The Empress of the North is a sparkling vessel operated by American West Streamboat Cruises, just a little over her first birthday. She is a red and white paddlewheeler with bunting and high, flared stacks (that conveniently fold down for the low bridges) and is four decks high. The huge paddle wheel at the stern is also painted red, while the hull is gleaming black. The art in each of the corridors, neatly listed and described in an in-room guide, is nothing short of spectacular. It is themed for Russian nobility (she spends her summers in Alaska, sailing the Inside Passage). There is a collection of Faberge eggs, matrushka (nesting family) dolls, lacquer boxes and other Russian artifacts opposite the Purser's Office and gift shop. The Romanov Dining Room is similarly decorated from Imperial Russia. Her rooms are spacious and nicely decorated and most have verandahs to watch the scenery and passing ships drift by during the day. The rooms all have TV sets with DVD players, with a lending library of discs in the gift shop available at no cost and clock radios with CD players. There is also satellite TV from most of the networks, CNN and others always available as well as a camera mounted on the pilot house to share the Captain's view with the passengers.
In addition to the dining room, there is a show lounge (which is also the lecture hall during the day), the Paddlewheel Bar, serving evening drinks and appetizers before dinners (two seatings, but no assigned tables) with dancing before and after the evening meal and the Calliope Lounge which serves light breakfasts and lunches each day.
The first night, always a little awkward, features a "Welcome Aboard Dinner" and usually indicates that the standards of the kitchen are high indeed.
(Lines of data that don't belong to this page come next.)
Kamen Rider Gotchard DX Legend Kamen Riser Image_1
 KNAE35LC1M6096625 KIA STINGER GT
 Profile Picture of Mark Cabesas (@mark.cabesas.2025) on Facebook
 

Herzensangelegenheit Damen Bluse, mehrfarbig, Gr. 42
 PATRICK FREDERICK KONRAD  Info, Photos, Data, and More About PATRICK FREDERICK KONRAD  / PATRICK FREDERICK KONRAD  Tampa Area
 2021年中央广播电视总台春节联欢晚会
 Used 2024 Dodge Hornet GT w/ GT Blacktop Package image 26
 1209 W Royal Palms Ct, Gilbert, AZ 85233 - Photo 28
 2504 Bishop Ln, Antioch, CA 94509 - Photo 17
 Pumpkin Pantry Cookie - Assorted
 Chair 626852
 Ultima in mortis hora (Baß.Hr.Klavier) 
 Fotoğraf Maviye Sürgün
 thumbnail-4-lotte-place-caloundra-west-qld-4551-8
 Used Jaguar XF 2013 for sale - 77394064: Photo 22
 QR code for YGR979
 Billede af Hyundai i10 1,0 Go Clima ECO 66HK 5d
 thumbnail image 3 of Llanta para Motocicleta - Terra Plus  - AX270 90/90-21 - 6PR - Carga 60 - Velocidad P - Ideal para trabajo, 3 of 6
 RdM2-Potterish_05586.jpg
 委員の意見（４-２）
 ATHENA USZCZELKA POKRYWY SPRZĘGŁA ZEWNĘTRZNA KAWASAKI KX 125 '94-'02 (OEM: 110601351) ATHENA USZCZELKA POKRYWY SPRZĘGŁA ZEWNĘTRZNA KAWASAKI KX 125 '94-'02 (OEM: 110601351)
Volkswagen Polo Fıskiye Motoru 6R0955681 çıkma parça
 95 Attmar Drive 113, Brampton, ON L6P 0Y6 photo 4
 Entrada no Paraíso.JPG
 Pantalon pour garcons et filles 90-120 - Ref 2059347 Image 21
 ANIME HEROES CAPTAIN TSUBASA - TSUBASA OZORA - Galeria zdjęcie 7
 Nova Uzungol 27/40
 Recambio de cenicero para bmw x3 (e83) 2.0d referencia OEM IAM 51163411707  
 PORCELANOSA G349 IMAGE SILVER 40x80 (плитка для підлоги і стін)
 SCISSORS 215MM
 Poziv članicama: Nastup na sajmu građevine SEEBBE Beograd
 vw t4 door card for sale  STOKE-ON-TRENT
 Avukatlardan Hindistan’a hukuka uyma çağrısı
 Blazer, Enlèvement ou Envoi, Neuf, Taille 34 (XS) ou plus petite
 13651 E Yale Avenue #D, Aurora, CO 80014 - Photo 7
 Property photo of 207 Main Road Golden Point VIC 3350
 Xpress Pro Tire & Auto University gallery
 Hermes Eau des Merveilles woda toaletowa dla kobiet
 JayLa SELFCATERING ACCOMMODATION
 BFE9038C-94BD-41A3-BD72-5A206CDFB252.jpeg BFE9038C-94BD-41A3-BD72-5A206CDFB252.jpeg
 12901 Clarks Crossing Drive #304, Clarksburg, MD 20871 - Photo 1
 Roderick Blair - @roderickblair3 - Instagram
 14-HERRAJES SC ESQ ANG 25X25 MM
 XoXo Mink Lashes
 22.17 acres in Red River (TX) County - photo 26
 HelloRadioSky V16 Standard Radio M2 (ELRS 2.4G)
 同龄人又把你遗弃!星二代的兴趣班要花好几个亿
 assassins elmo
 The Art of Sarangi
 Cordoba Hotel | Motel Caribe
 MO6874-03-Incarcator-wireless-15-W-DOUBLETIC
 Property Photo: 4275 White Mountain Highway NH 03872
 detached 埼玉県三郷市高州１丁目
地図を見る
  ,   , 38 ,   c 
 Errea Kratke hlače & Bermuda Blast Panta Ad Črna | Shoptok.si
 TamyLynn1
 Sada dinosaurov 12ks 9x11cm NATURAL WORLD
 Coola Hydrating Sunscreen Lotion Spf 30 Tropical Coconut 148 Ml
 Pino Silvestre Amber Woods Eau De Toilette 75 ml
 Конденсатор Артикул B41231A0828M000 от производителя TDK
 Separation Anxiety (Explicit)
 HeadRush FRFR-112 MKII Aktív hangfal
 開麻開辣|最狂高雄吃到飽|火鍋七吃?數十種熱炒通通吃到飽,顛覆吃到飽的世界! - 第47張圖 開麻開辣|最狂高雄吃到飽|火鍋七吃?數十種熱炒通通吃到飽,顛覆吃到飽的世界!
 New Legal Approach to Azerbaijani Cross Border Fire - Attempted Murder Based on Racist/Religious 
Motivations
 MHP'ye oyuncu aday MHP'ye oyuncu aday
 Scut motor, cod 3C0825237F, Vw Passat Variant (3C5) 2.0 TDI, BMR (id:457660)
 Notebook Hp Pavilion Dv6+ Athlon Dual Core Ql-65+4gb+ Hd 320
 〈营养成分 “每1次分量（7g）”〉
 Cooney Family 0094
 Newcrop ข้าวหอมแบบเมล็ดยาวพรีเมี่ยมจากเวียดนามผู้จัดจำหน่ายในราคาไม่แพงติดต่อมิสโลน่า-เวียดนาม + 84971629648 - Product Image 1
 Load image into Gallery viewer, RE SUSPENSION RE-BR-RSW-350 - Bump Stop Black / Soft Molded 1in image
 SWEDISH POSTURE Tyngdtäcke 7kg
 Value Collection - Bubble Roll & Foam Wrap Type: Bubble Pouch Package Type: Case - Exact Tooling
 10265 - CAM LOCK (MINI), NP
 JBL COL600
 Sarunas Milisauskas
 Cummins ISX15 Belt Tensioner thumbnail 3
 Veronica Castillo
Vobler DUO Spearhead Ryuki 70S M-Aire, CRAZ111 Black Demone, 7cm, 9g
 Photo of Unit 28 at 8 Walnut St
Each night's menu had a choice of hot or cold appetizer, two soups, two salads and four entrees, one of which was vegetarian. Two or more desserts plus fruit or ice cream ended each meal. Overall, most have only wonderful experiences with all of the cuisine. Staff is young and enthusiastic, cordial and eager and very personable. Whether they did or not, they certainly seemed to be thoroughly enjoying themselves, from the deckhands to the cabin stewards and stewardesses to the waiters.
The first full day on the Empress provides a stop at Stevenson, Washington and a visit to the Columbia Gorge Interpretive Center, an excellent museum of the history of the Gorge, its settlement, growth and progress including a commercial salmon fishing wheel, lumbering machine and railroad memorabilia. At the fish hatchery by the Bonneville Dam, perhaps the best-known dam and power plant on the river, passengers have a view of the sturgeon pond and Herman, the sturgeon, who was more than 200 years old and still growing as sturgeons do, a living link with the area's past. Finally, passengers are able to view the spectacular Multnomah Falls, a trademark beauty of this part of the river.
The next day brings the Empress to Umatilla Landing, again in Washington, with visits to Fort Walla Walla. The Whitman Mission at Fort Walla Walla is where the Whitman family of missionaries were the first of the non-Native Americans to settle. They might have remained had not a measles epidemic - to which the natives had no immunity - cost them their lives when they were blamed for the deaths that resulted. The passengers may also enjoy a visit to the Three Rivers winery (Washington and Oregon produce wonderful wines, though not nearly as well-known as their neighbors in California) and a magnificent lunch at the beautifully restored Whitman Hotel before returning to their waiting river home.
Overnight, as the passengers are sleeping, the ship leaves the Columbia to enter the Snake River. She continues upriver and through the last remaining locks to Lewiston, Idaho, the easternmost point on the voyage. This is a much anticipated adventure as the entire ship's complement of passengers are moved to a fleet of jet boats, the only commercial craft that can navigate this rugged river and its terrain. They proceed up about thirty miles to where the Snake meets the Salmon River. This is beyond any roads and accessible only to intrepid rafters and canoeists and a few float fishermen plus hikers and backpackers. One can also find some petroglyphs made hundreds of years ago by area natives and view some mountain sheep. At that point, one meets the confluence of three states, Oregon, Washington and Idaho and it's where the jet boats reverse to a takeout point from which the passengers are returned by bus to the ship.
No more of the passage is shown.